-- TASK PROMPT --
Leaving the pictures aside, reproduce the data in full and word for word.

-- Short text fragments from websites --
━━━━━━━━━━━━━━━━━━━━

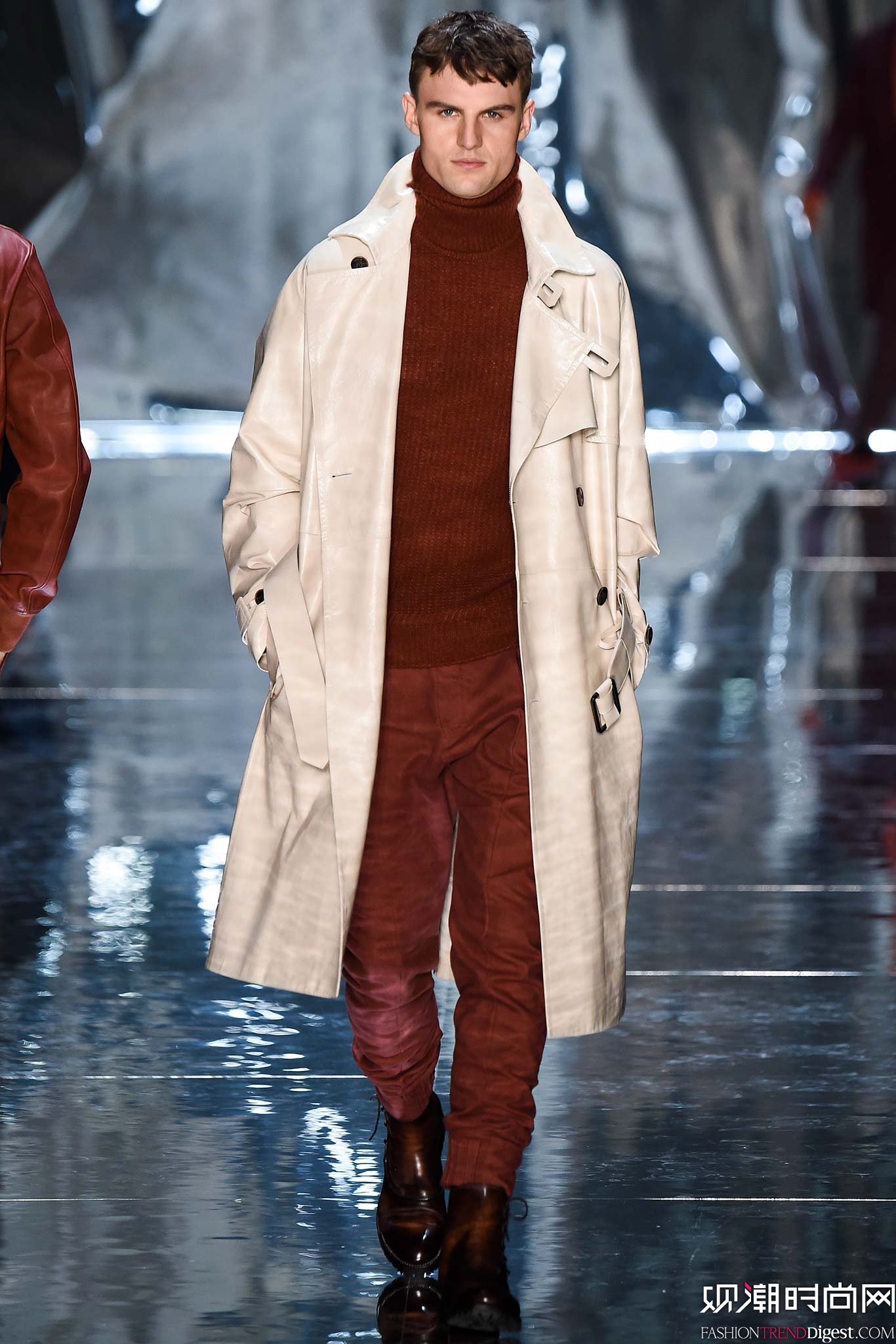 Berluti 2015ﶬbϵDƬ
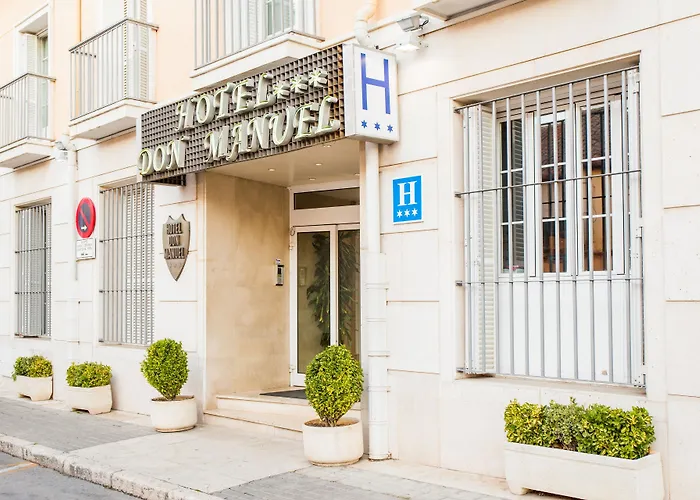 Apartamentos Atempo Aranjuez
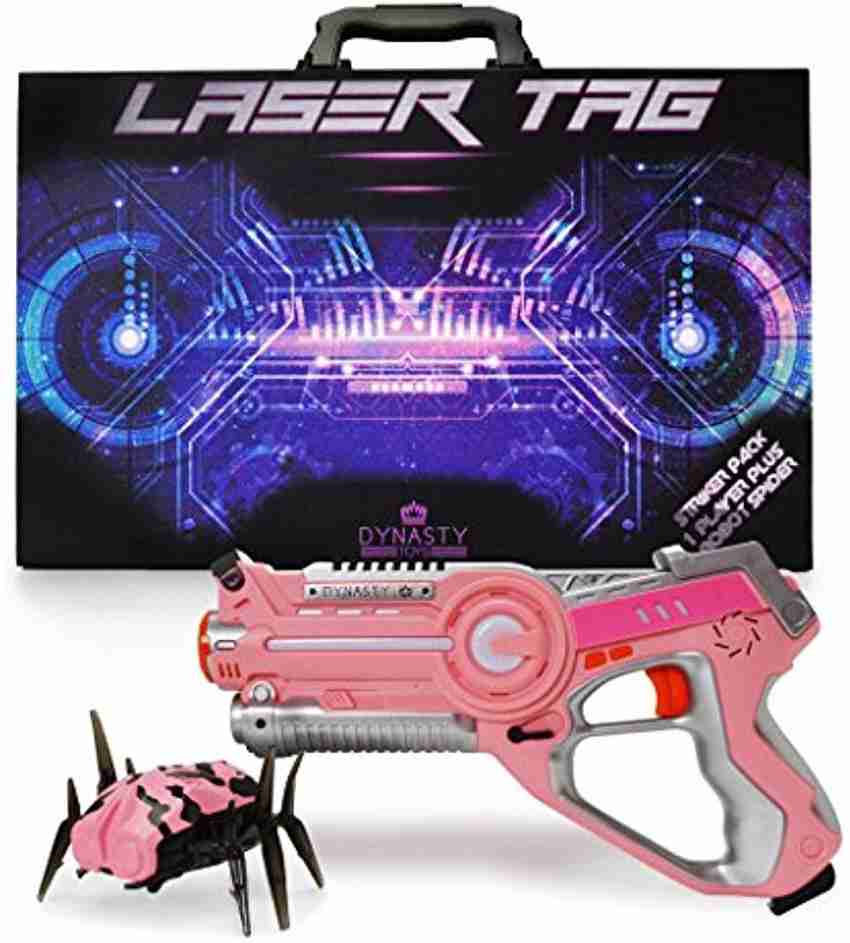 Dynasty toys on sale laser tag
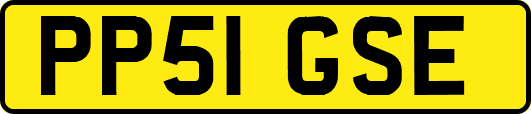 PP51GSE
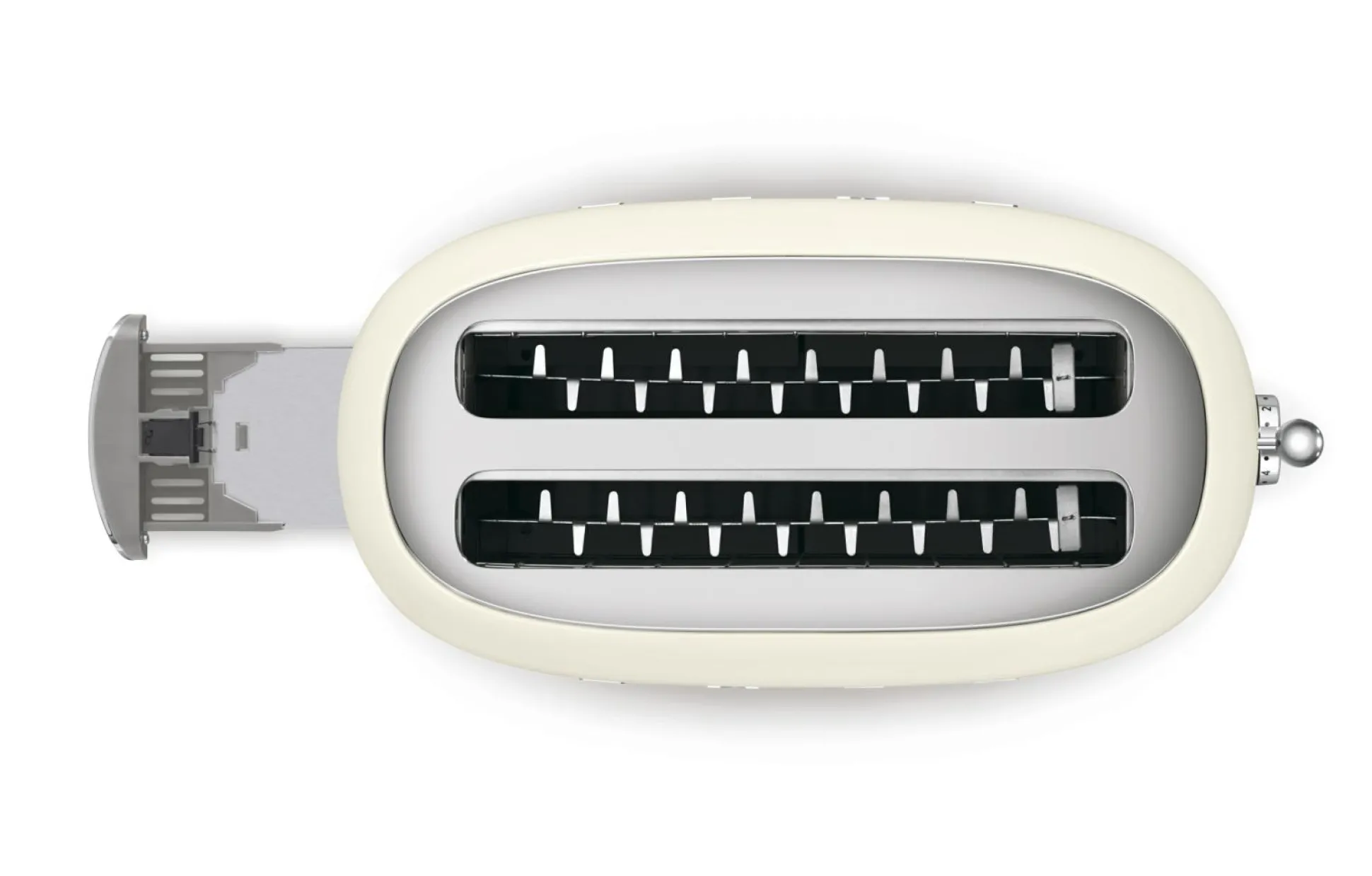 Toaster Kompakt smeg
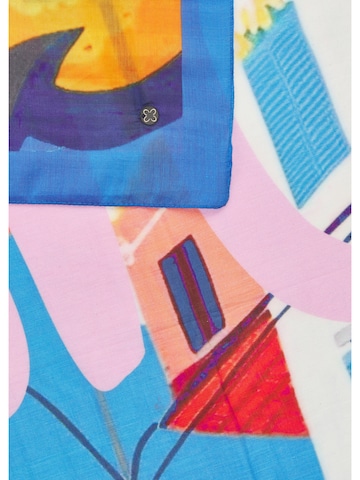 CODELLO Skirt 'LA DOLCE VITA' in Blue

━━━━━━━━━━━━━━━━━━━━

-- RESULT OF THE EXERCISE --
 Berluti 2015ﶬbϵDƬ
 Apartamentos Atempo Aranjuez
 Dynasty toys on sale laser tag
 PP51GSE
 Toaster Kompakt smeg
 CODELLO Skirt 'LA DOLCE VITA' in Blue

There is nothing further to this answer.